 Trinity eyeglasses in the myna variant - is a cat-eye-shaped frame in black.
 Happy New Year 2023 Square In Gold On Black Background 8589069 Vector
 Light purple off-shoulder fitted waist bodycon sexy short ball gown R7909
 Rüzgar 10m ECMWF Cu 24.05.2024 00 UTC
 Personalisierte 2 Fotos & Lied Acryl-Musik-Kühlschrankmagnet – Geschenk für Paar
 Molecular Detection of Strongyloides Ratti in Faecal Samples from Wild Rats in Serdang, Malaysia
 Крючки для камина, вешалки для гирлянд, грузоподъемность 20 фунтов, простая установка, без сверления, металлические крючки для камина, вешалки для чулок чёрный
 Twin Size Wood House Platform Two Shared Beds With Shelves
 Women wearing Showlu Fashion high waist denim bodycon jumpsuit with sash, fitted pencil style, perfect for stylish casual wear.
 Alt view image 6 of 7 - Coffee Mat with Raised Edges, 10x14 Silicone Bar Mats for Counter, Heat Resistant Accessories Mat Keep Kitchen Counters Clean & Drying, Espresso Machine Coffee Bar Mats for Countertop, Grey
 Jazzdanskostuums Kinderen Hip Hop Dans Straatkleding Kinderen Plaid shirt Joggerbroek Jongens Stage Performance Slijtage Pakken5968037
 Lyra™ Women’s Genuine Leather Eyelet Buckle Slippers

----

▸ WHAT YOU HAVE TO DO
For the lines above, output exactly those from the line containing "Personalisierte 2 Fotos" through the line containing "Twin Size Wood", and skip the others.

▸ ANSWER BELOW
 Personalisierte 2 Fotos & Lied Acryl-Musik-Kühlschrankmagnet – Geschenk für Paar
 Molecular Detection of Strongyloides Ratti in Faecal Samples from Wild Rats in Serdang, Malaysia
 Крючки для камина, вешалки для гирлянд, грузоподъемность 20 фунтов, простая установка, без сверления, металлические крючки для камина, вешалки для чулок чёрный
 Twin Size Wood House Platform Two Shared Beds With Shelves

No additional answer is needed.